I want to minimize global memory access while performing bit-wise operations efficiently.

I have a 256 byte array loaded to global memory and I want load all the 256 bytes to shared memory at the beginning of the kernel code.

Then, on each byte a bit-wise operation has to be performed while this operation can apply on two 1 byte variables, two 2 byte variables or two 4 byte variables and bigger.

The questions are:

  1. If I load the 16 bytes of the array per thread then I have just one memory access for (warp size)*(16bytes) data or the best way is 4 bytes per thread?
  2. If I load 16 bytes per thread into shared memory then will I OR these 16 bytes with a same 16 bytes variable to set a bit to 1?
  3. If I load 16 bytes per thread then perform an OR operation on a 16 bytes data type, is it faster to use a 4 byte data type or smaller?

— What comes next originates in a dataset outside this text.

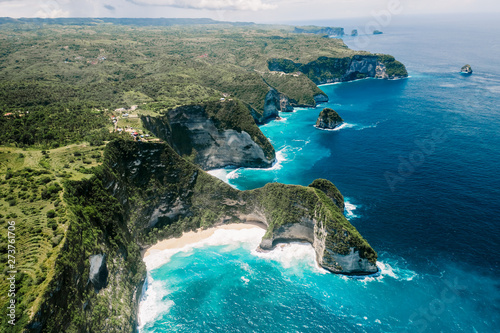Bird's-eye view. Aerial drone view of cliff near Kelingking beach. Manta Bay or Kelingking Beach on Nusa Penida Island, Bali, Indonesia.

For example I want to set the 3rd bit to 1:

__shared__ (which data type?) temp = ((which data type?) *)array[i];
temp |= (a variable with third bit set to 1)

array is in global memory and I want to load it to shared memory by the minimum amount of global memory accesses.


Solution

  • Match the size of the memory transaction to the bank size. Most of the time, the bank size is 32-bits. Starting with Kepler, you could specify a bank size of 64 bits by calling cudaDeviceSharedMemConfig()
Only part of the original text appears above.